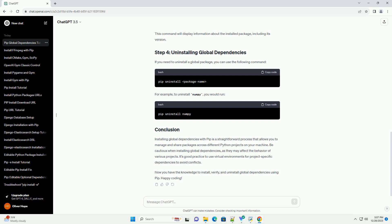Now you have the knowledge to install, verify, and uninstall global dependencies using PIP. Happy coding!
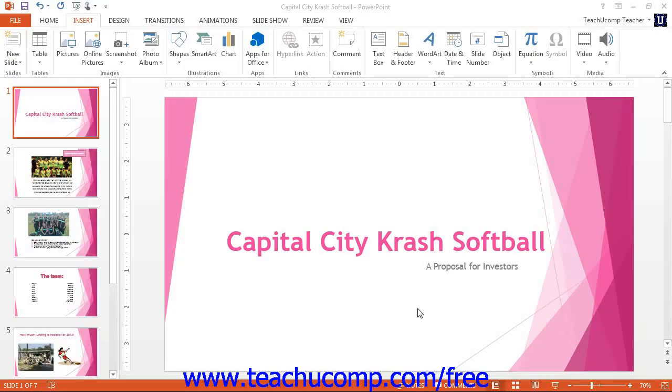You can determine what information appears in the header and footer of your slides by clicking the header and footer button in the text group on the insert tab in the ribbon.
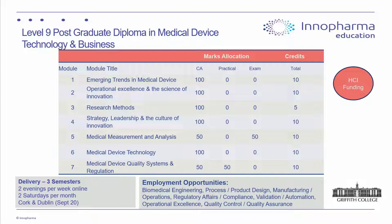The Postgraduate Diploma in Medical Device Technology is HCI-funded and geared for those wanting to work in the medical device sector or in combination device roles within pharma. It covers emerging trends in medical device, operational excellence, medical device design, technology, and quality systems. Assessment is assignment-based — individual and group assignments. It runs over three semesters, two evenings per week, two Saturdays per month, in Cork and Dublin from September.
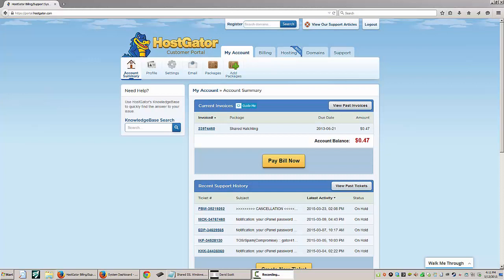HostGator is always looking for ways to improve the way that our customers do things and find their way around our systems, and one of the recent innovations that we are releasing is the Walk Me Through feature.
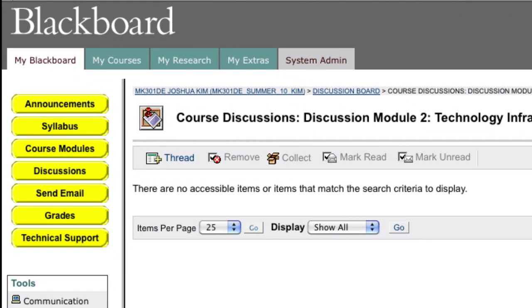Hi, this is Josh from Dartmouth. In this screencast, I'm going to show you how to upload an SWF file—a Flash file which can be created by Jing or other programs—into a Blackboard discussion board.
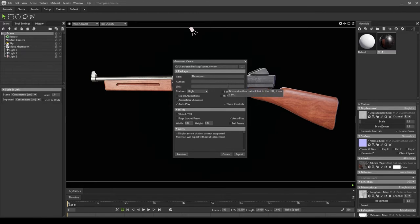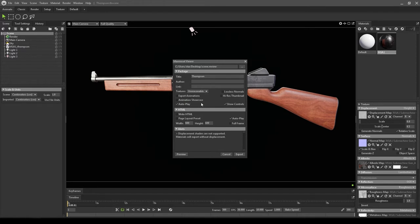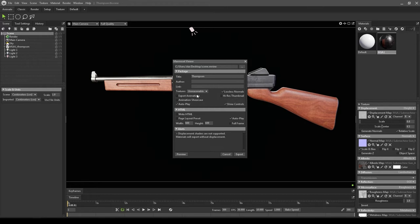In the textures, make sure you select Unreasonable so you can get the highest quality. Click on Lossless Normal. If you're rendering an asset with any animation, you might want to check Export Animation and Animation Showcase. At last, click on Hi-Res Thumbnail and make sure you click on Autoplay so that whenever someone opens your Marmoset viewer file, the animation starts playing automatically.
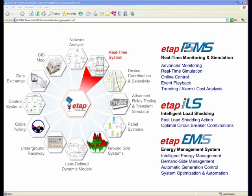As part of ETAP Enterprise Solution, there's connectivity to the real-time system, which ties the ETAP model to the SCADA system and metering or substations for monitoring, simulation controls, playback, and optimization with real-time data such as demand-side management and automatic generation control — as well as more specific modules like intelligent load shedding for fast load shedding actions and optimal circuit breaker combinations.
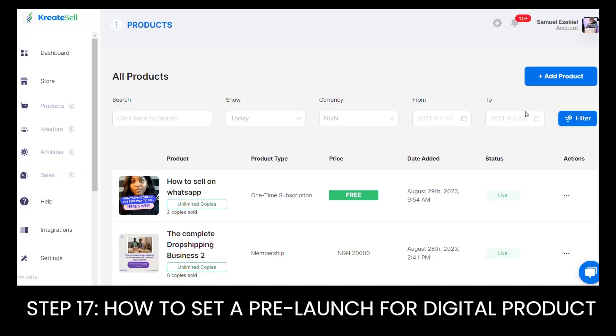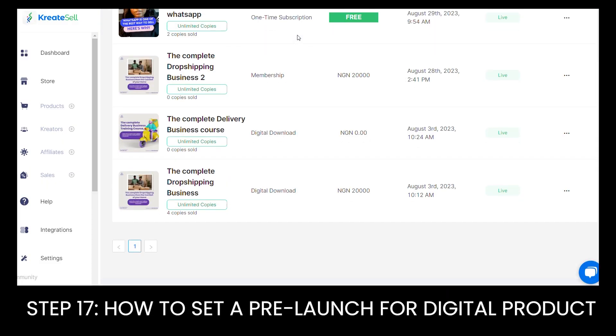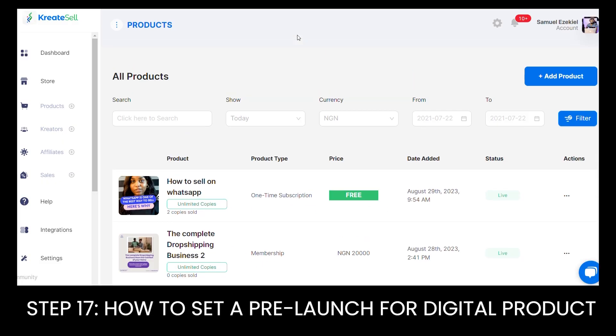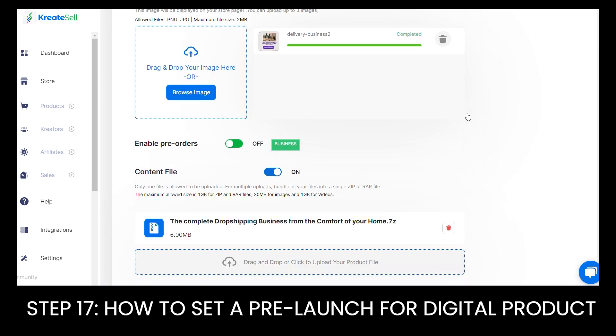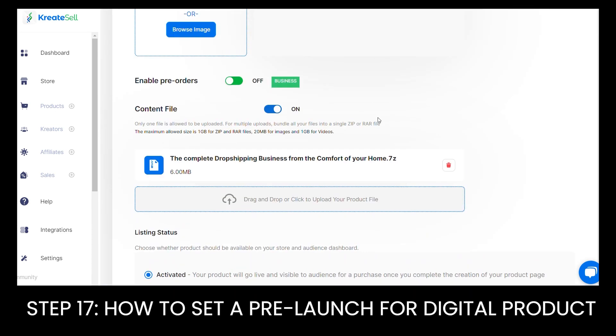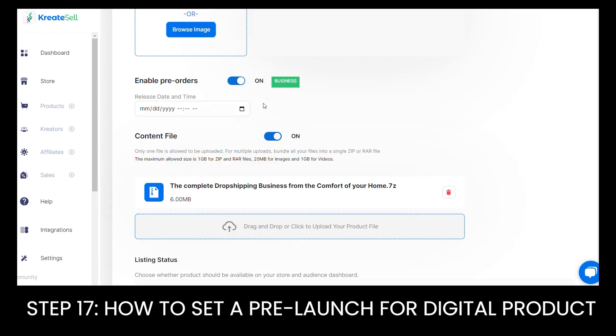To enable the pre-order feature for any product, head over to the product page. Underneath the product image, you will see the enable pre-order toggle feature.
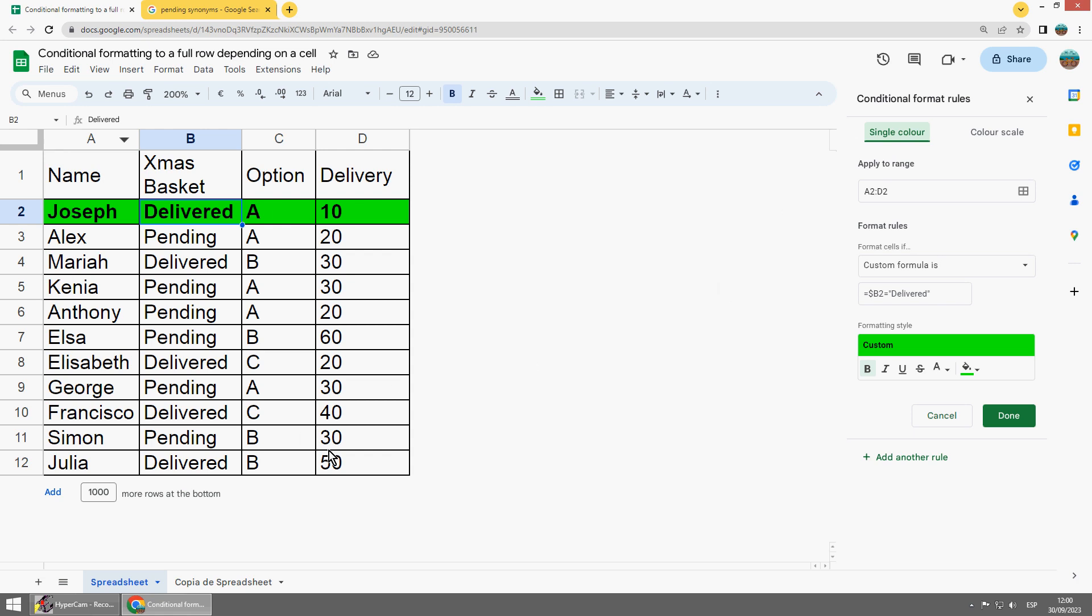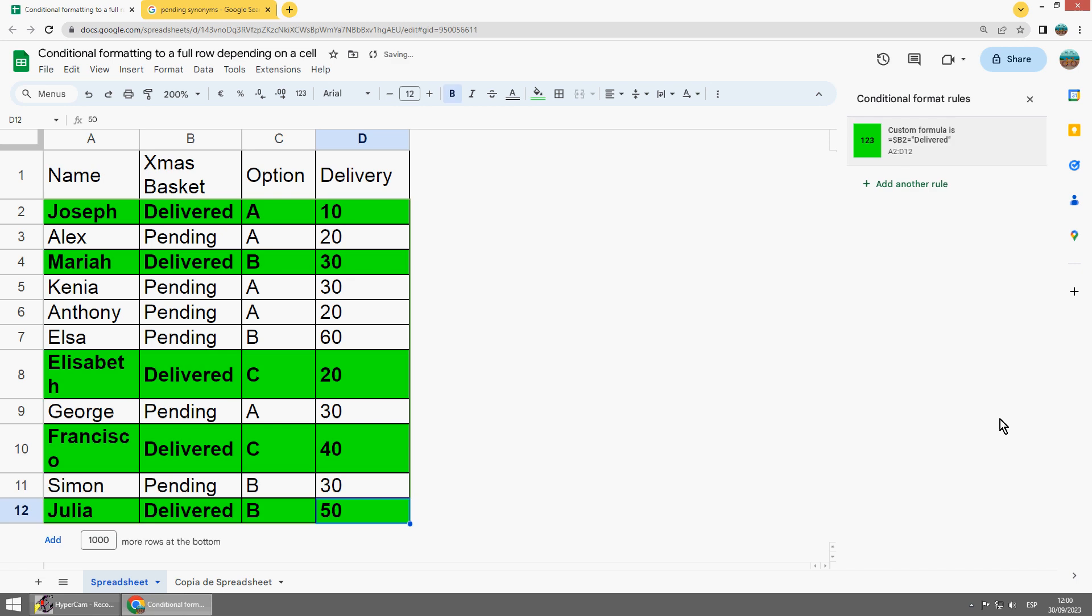So I would say that the range is D12, so I change the range here, done.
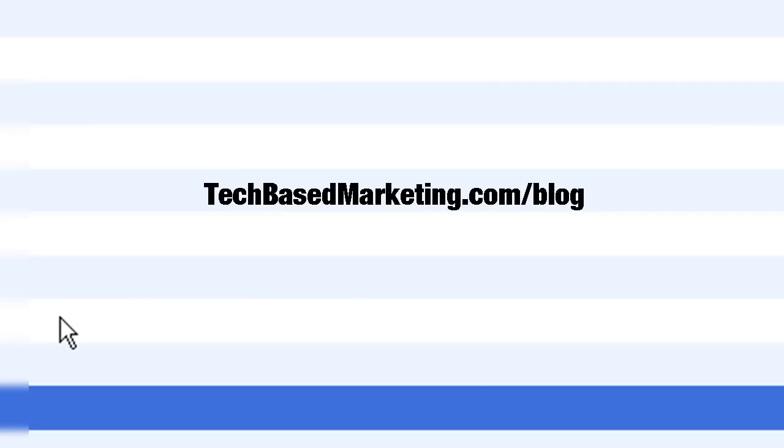Thank you for the few minutes of your time watching this video. Do come visit me at techbasedmarketing.com. My name is Lynette Chandler. Have a great day.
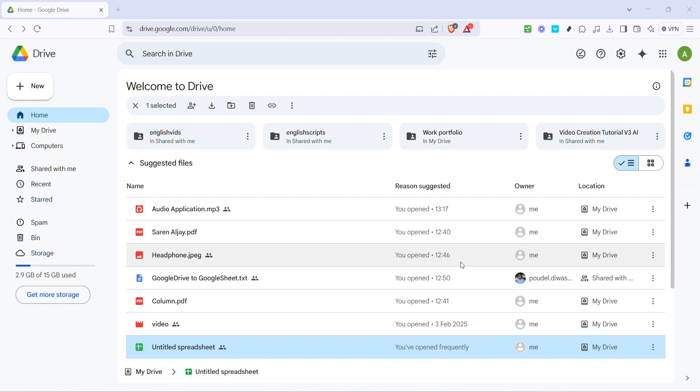Next, browse through your files and select the one you wish to make available offline. Keep in mind that this feature works well for essential documents you might need immediate access to, so choose wisely. Once you have located your desired file, right-click on it.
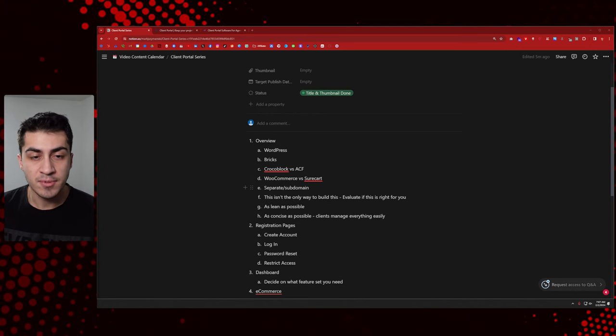Doing it yourself means it's going to be time-intensive if you go this route. It should also be as concise as possible so clients can manage everything easily. You don't want to use all of these things just because they exist — you want to use them if they're right for your business. It really depends on your situation, what your clients need from you, and what you think is actually going to be valuable.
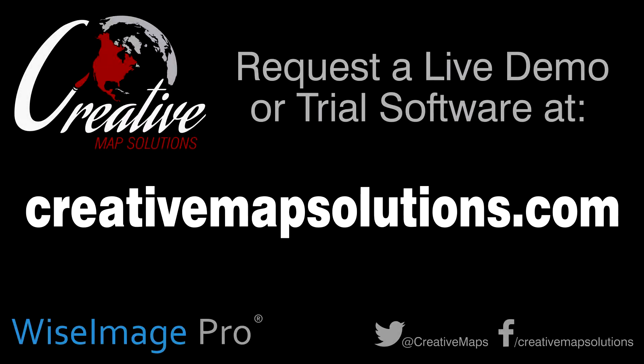To request a live demo or a trial version of the WISE Image software, please visit us on the web at creativemapsolutions.com.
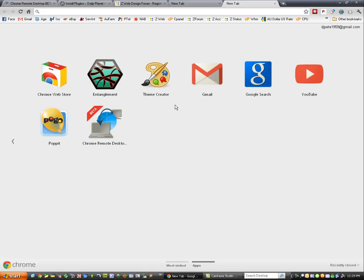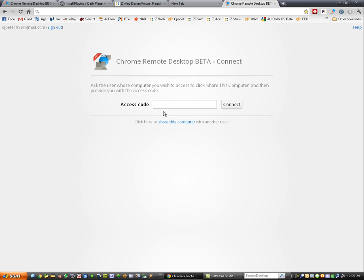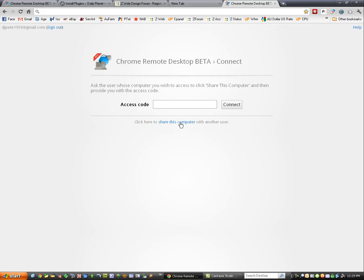And that will get you to these icons. Click on the icon and click here to share this computer with another user. You need to click that.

────────────────────────────────────────

Your output is the lines from the top of the entries through the line containing "Hi, this is", exactly as they stand. No pictures belong in it.

■ **EXERCISE RESULT**
Now you have the knowledge to install, verify, and uninstall global dependencies using PIP. Happy coding!
You can determine what information appears in the header and footer of your slides by clicking the header and footer button in the text group on the insert tab in the ribbon.
The Postgraduate Diploma in Medical Device Technology is HCI-funded and geared for those wanting to work in the medical device sector or in combination device roles within pharma. It covers emerging trends in medical device, operational excellence, medical device design, technology, and quality systems. Assessment is assignment-based — individual and group assignments. It runs over three semesters, two evenings per week, two Saturdays per month, in Cork and Dublin from September.
HostGator is always looking for ways to improve the way that our customers do things and find their way around our systems, and one of the recent innovations that we are releasing is the Walk Me Through feature.
Hi, this is Josh from Dartmouth. In this screencast, I'm going to show you how to upload an SWF file—a Flash file which can be created by Jing or other programs—into a Blackboard discussion board.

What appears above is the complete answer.